1. Suppose we represent the natural numbers NN either in (Robinson's) system Q or on a Turing machine tape as numerals NUM (i.e. using unary notation) and then proceed to Goedel number Turing machine  programs, tape expressions, etc. or logical expressions, derivations, etc. This can be done using:
a. exponentiation via decomposition into primes (as Kleene does in "Introduction to Metamathematics" or Enderton in "Introduction to Mathematical Logic"); or
b. a direct coding into place notation (for example, base 10). This route is followed by Boolos and Jeffrey in "Computability and Logic", Lewis and Papadamitriou in "Elements of the Theory of Computation", Nelson in "Predicative Arithjmetic"; or 
c. (for encoding Turing machines) a listing of Tuyring machines as in Roger's "Recursive Functions and Effective Computability". That is, Rogers takes as the Goedel number of a TM its location in some standard listing of all TMs (say as printed out by a computer.)

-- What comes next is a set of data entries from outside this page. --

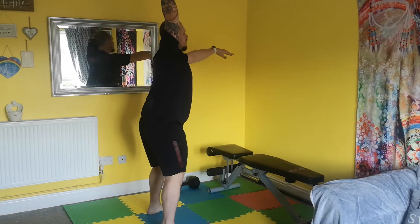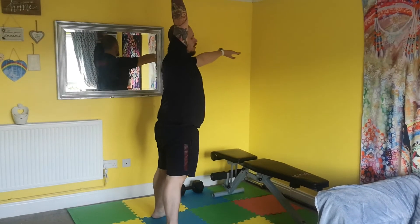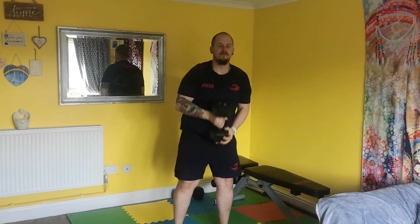So from the side — always aim to get that squat to full depth.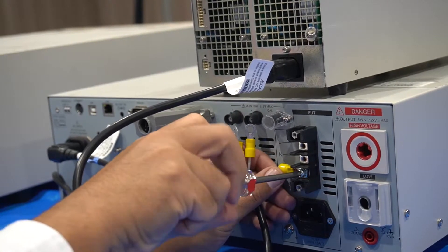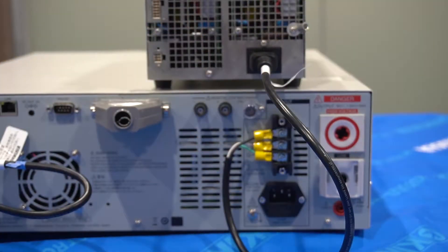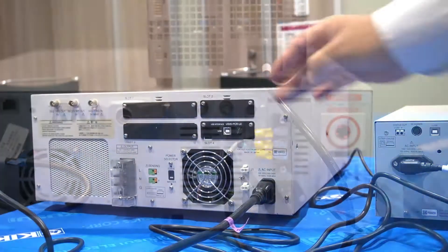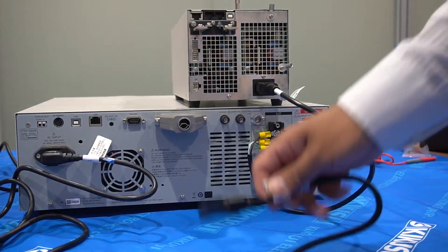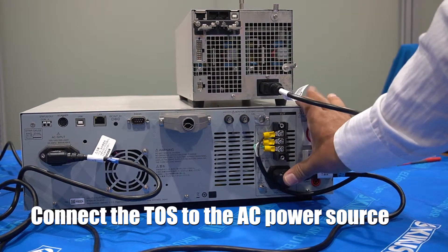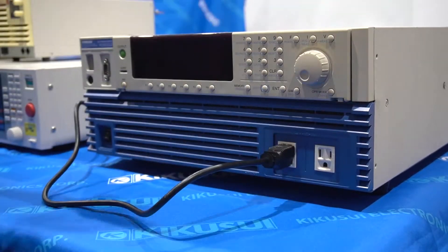Connect the L, N and ground properly. The connection is now completed. Connect the insulation transformer or AC source to the AC line-in inlet with the power cord from the EUT.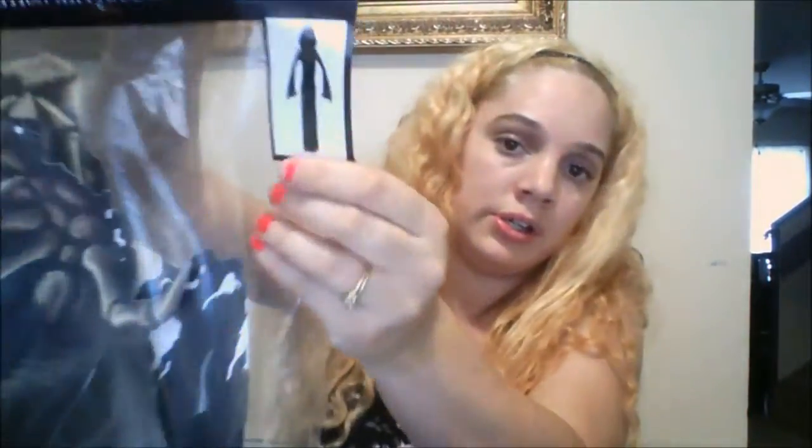I bought this jumbo Grim Reaper scary thing to put on my door. It's really big — he's five feet long. He's a little bit bigger than me because I'm 4'11".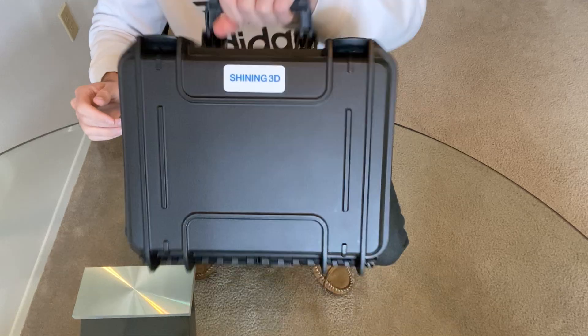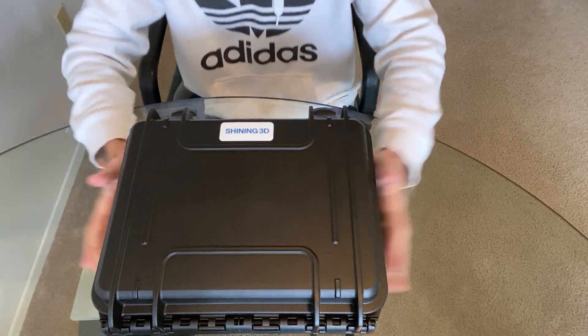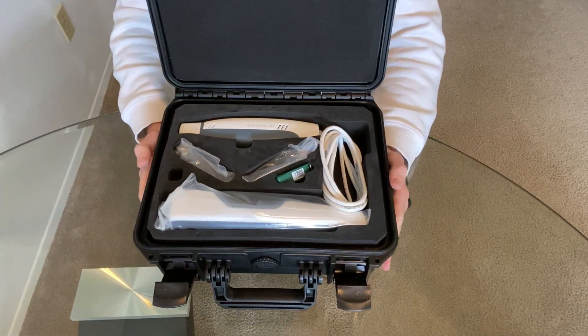Spin it around — Shining 3D, nice handle to compact everything in. So I'm gonna go ahead and just unbox it. I have two levers and there it is. This is what you're gonna get when we drop off your Shining 3D in the mail.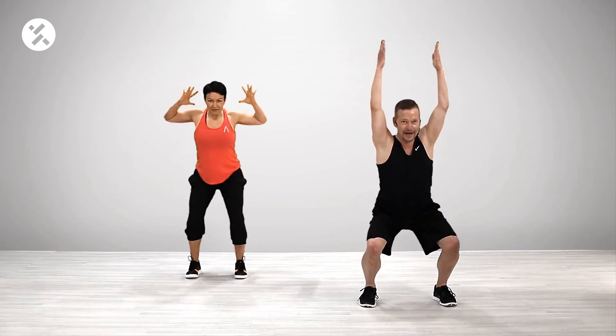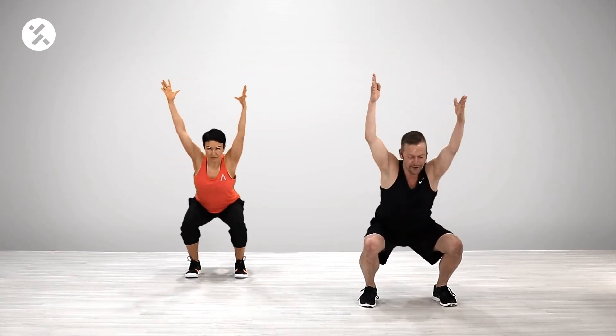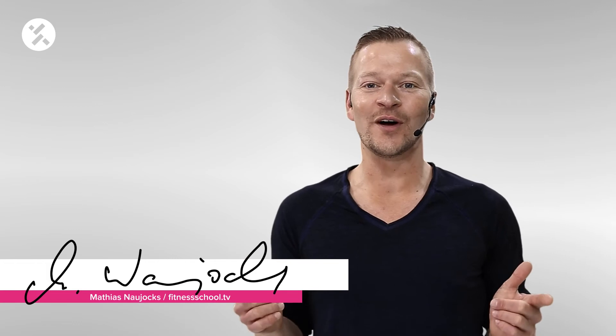Now you twist with a long arm down. Hi, my name is Matthias and welcome to Fitness School TV. You're now going to see a functional and core body workout which I created for you — enjoy it.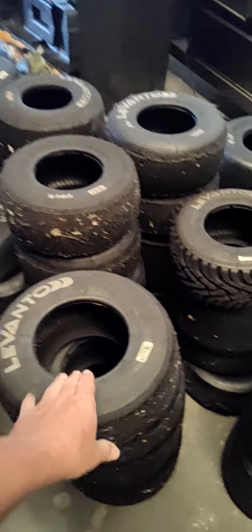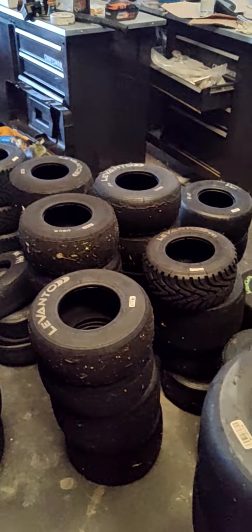The reason I'm pointing to the tires — I'm going to do a set of take-off Levantos. Look how much life is left in these! I'm going to do a full set: two fronts, two rears.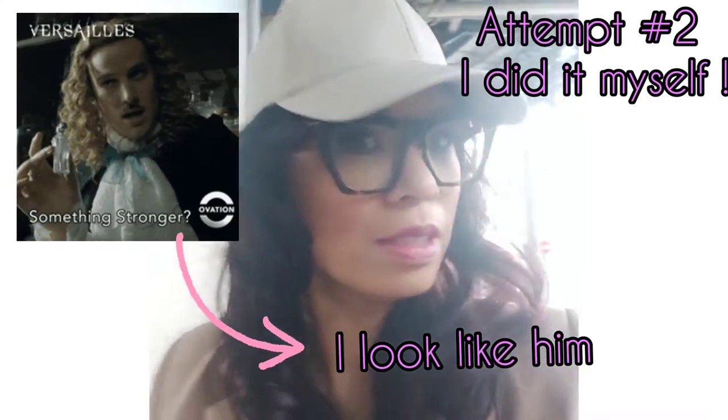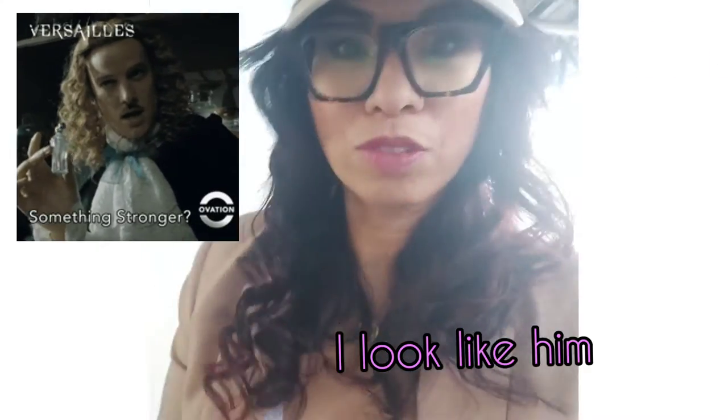I did it again. Here it is — heatless curls. Looks pretty good.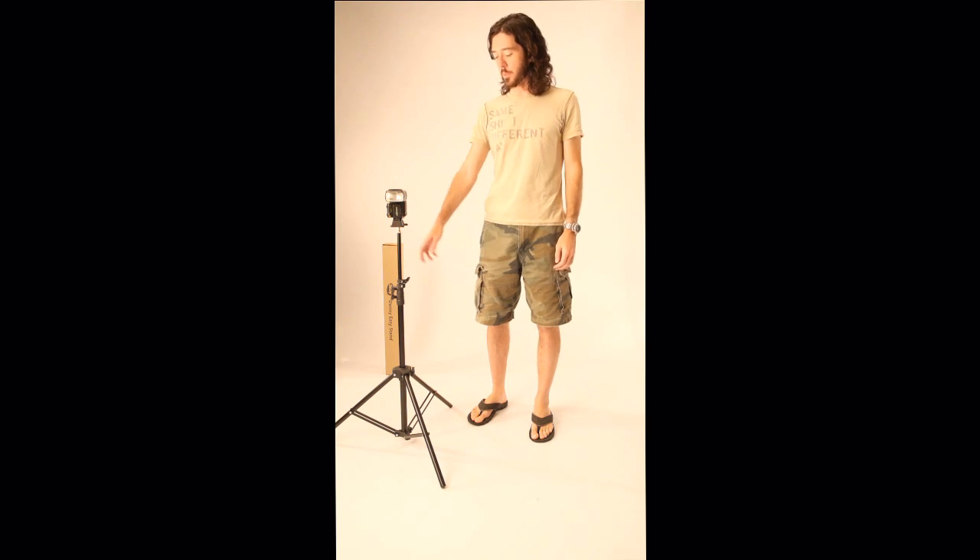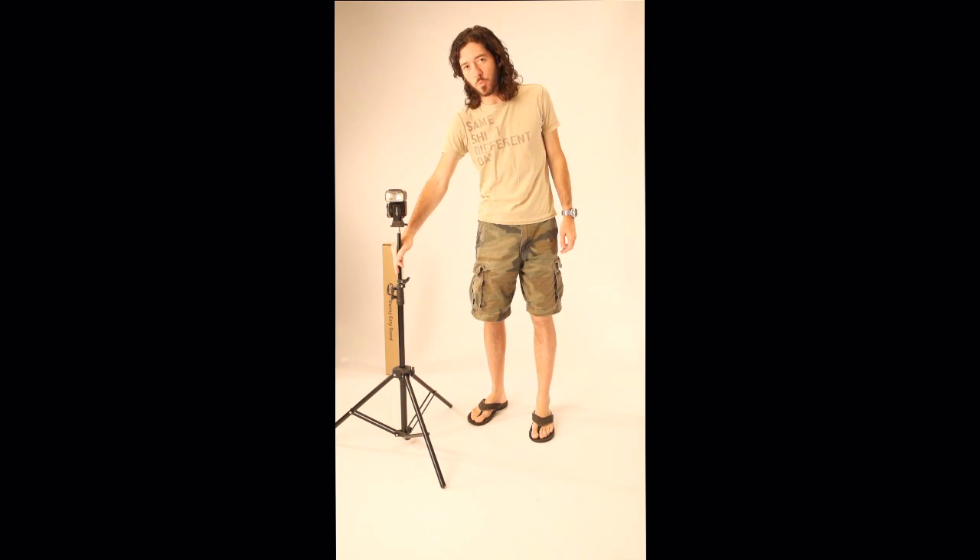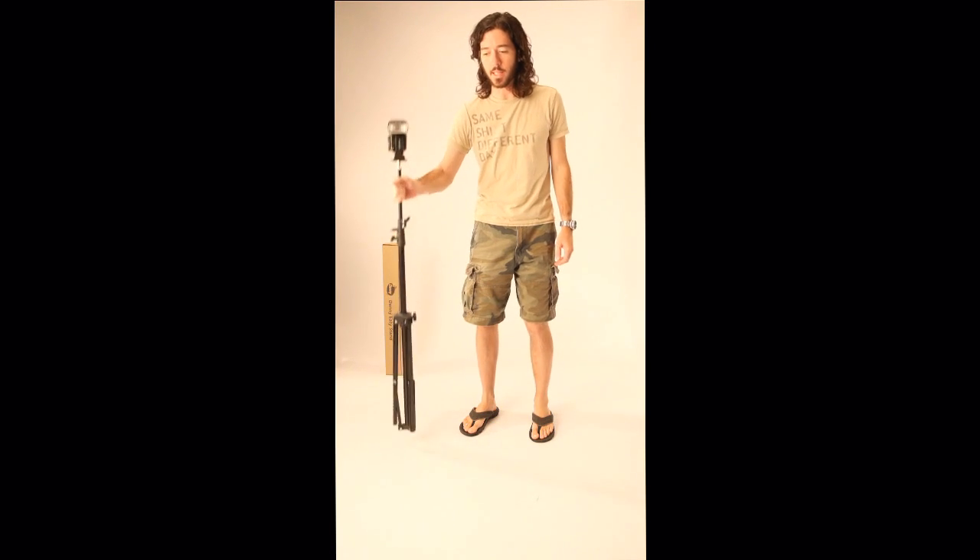Hi, my name is Cody from Tricos Photography. I'd like to demonstrate a new product that we have here from Denise Manufacturing. It's an EZ-1 light stand. What's great about this light stand — it's good for single shooters. You don't have to fumble with the legs.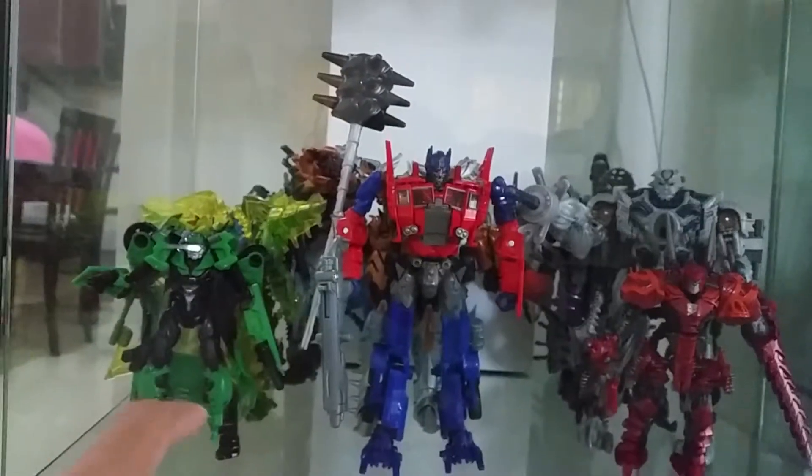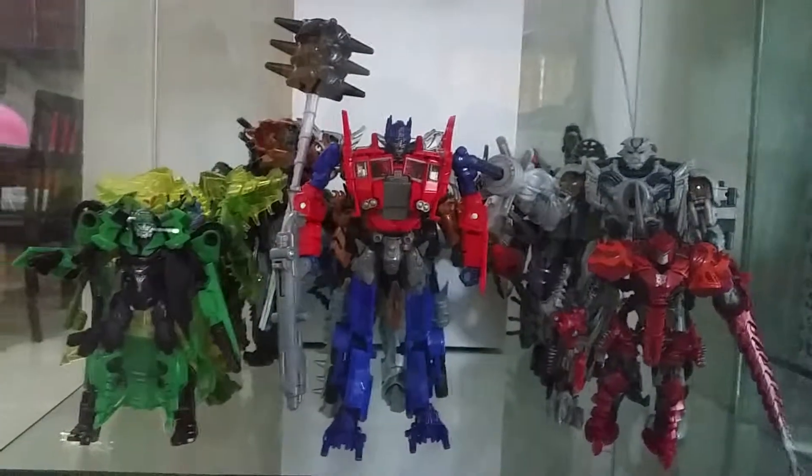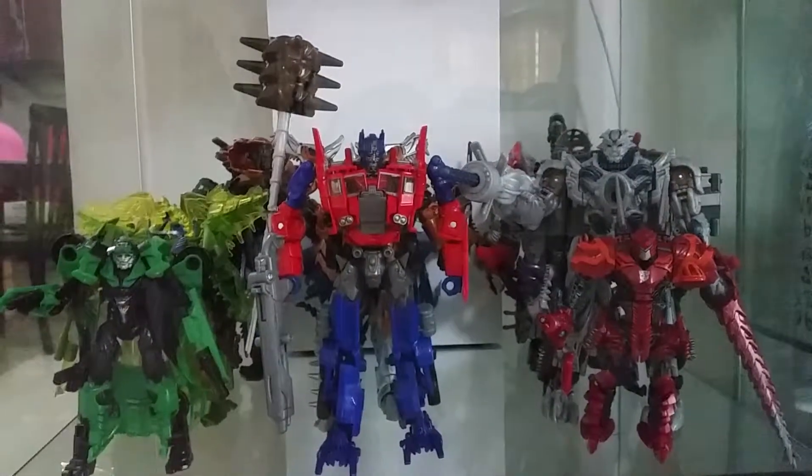This is Voyager Class Optimus Prime right here. Really cool. Really good figures for Age of Extinction. Good job, Ice Bro and Takara, for me. You've done a really good job.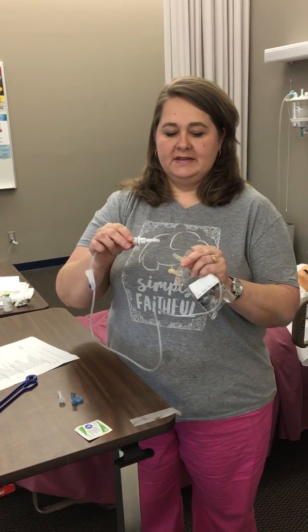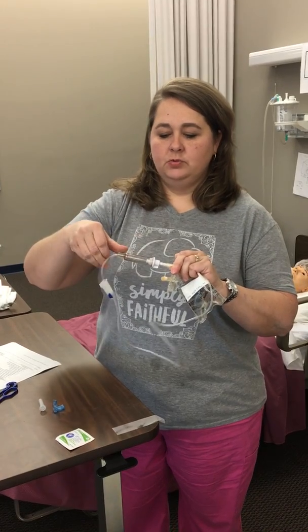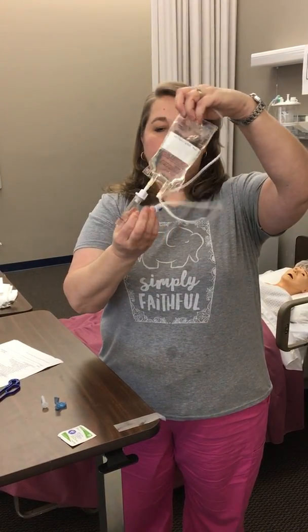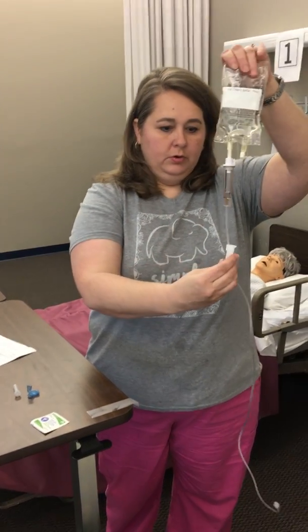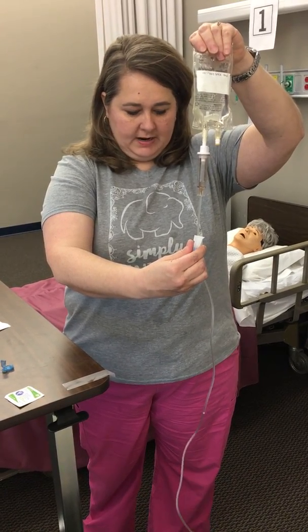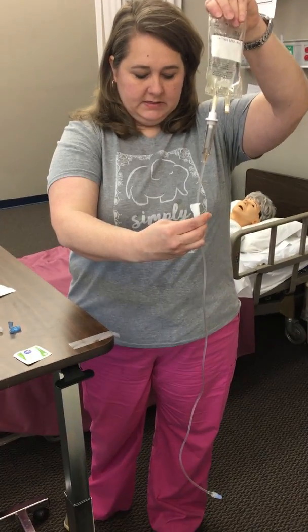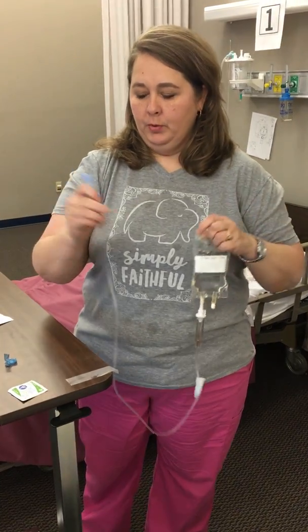Be careful that you don't touch that spike — that is considered sterile. With a little twist motion we're going to spike this bag, fill your drip chamber, and then prime your line. Open that roller clamp and carefully let that medication prime the line. All we're doing is dispersing air, because we don't want to administer air intravenously to our patient. My line is now appropriately primed.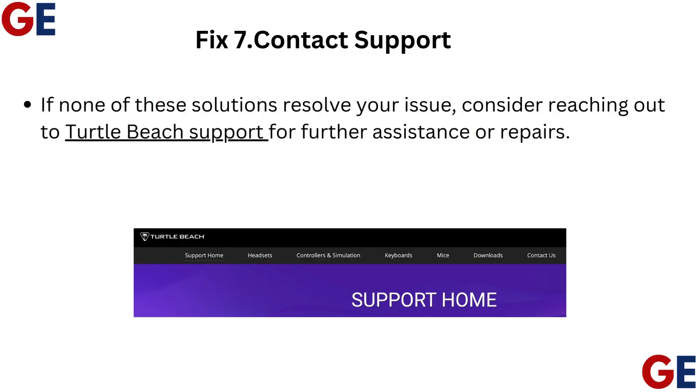Fix 7: Contact support. If none of these solutions resolve your issue, consider reaching out to Turtle Beach Support for further assistance or repairs.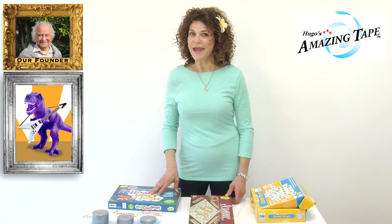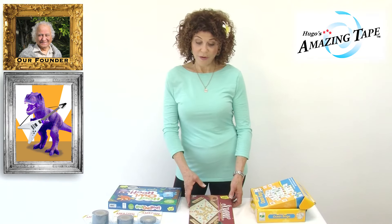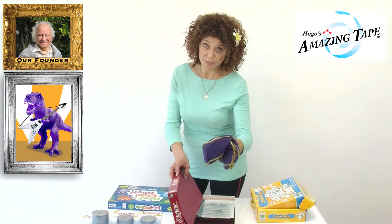It's Aunt Lori and the nephews are coming to my house. So I went down to pick up some games. I picked up a full game of Scrabble, board and everything, all the pieces.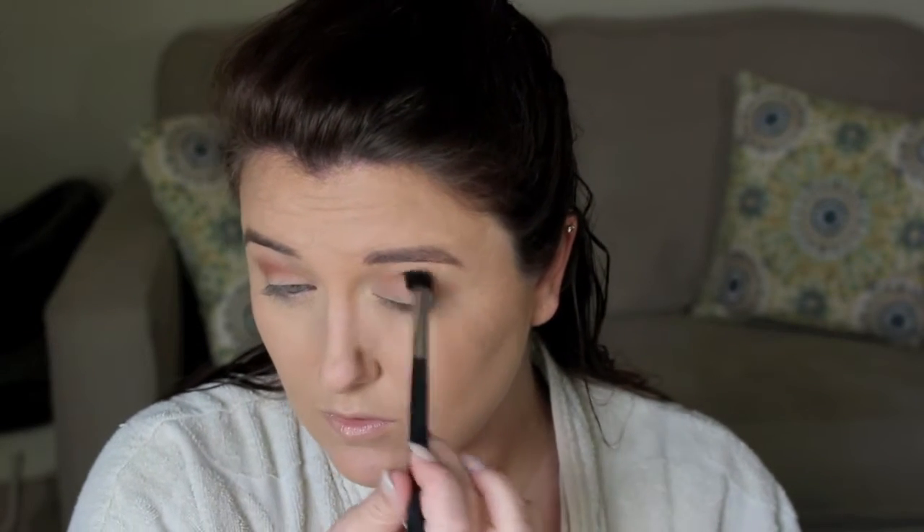Now I'm going in with Brown Script by MAC and I'm just putting this all in the deeper part of my crease with a Morphe brush — I'm not sure which one that is right now but I will leave it below for you guys. I'm just sweeping that all through the crease; I kind of want to keep this look more rounded so I am just doing that and blending it out very well.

Now in order to carry out the arguments which show either the unsolvability of the Halting Problem or the underivability of the Goedel formula in Q, one must, in cases a and b, be able to claim that the exponential codes of logical expressions or of TMs are equal to (evaluate to) a natural number in NUMERAL FORM. In case c, you must be able to assert that the TM program of the "contradictory" TM has a location in the list. Since this location is denoted by a numeral (after all, one generates one after the other the various TM programs and tallies them) this is tantamounbt to claiming that the numerals are closed under exponentiation.

QUESTION 1: In these circumstances is it possible to avoid the assumption that the numerals are closed under exponentation? 

2. Suppose that you encode NN on TM tapes or in logical expressions by using, say, base 10 notation and that you Goedelize as in b above. Then it seems that you can prove the unsolvability of the Halting Problem or the incompleteness of Q  without running into the difficulty mentioned above. But now there seems to be a question of how you justify mathematical induction (n to n+1) over the set of base 10 notations ordered, as usual, lexicographically. It seems to me that to simply assert the validity of induction over this ordering is also to claim the closure of the numerals under exponentiation and, at the moment, I see no way of establishing this validity without sneaking in this assumption.

QUESTION 2: Is it possible to show that mathematical induction (n to n+1) is valid over the lexicographic ordering of base 10 notations without assuming that the numerals NUM are closed under exponentiation?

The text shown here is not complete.